Responses from individual scholars are also illuminating. In a letter to me dated November 26, 1993 K. N. Prasad, former president of the Archaeological Society of India, praised Forbidden Archeology as "an excellent reference book, which will act as a catalyst for further research on a subject of immense interest." An important audience for Forbidden Archeology, which is an open defense of the reality of India's Puranic literature, is the English-educated elite represented by Prasad. It may be recalled that Forbidden Archeology traces its own lineage to Bhaktivinoda Thakura, the English-educated magistrate who in the late nineteenth century initiated an effort to reclaim the Indian intelligentsia from its immersion in nascent Western modernity.

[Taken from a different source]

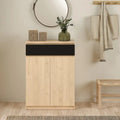INEZ - Shoe Cabinet 80.4*40*111.3 SC044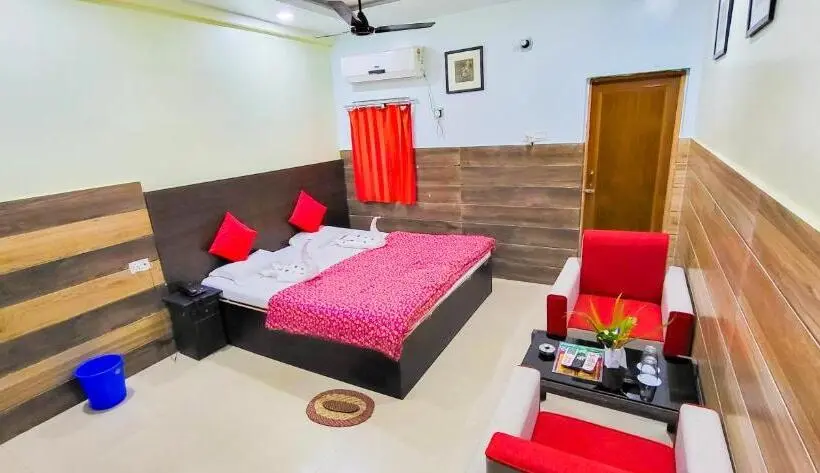 スタンダードルーム, Rangamati Garden Resort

Bhaktivinoda Thakura, as we have seen, also initiated an approach on behalf of Gaudiya Vaishnavism to the Western intelligentsia itself. Forbidden Archeology is part of that ongoing approach. William W. Howells, one of the major architects of the current paradigm of human evolution, wrote to me on August 10, 1993: "Thank you for sending me a copy of Forbidden Archeology, which represents much careful effort in critically assembling published materials. I have given it a good examination ....To have modern human beings ...appearing...at a time when even simple primates did not exist as possible ancestors...would be devastating to the whole theory of evolution, which has been pretty robust up to now....The suggested hypothesis would demand a kind of process which could not possibly be accommodated to the evolutionary theory as we know it, and I should think it requires an explanation of that aspect. It also would give the Scientific Creationists some problems as well! Thank you again for letting me see the book. I look forward to viewing its impact." I sent Forbidden Archeology to Howells, conscious of its relation to the project begun in the last century by Bhaktivinoda Thakura.

And finally a few words from Richard Leakey's letter to me of November 6, 1993: "Your book is pure humbug and does not deserve to be taken seriously by anyone but a fool. Sadly there are some, but that's part of selection and there is nothing that can be done." These words, like those of Jonathan Marks (1994), were reproduced on the cover and in the front matter of the popular edition of Forbidden Archeology, inspiring sales and media coverage.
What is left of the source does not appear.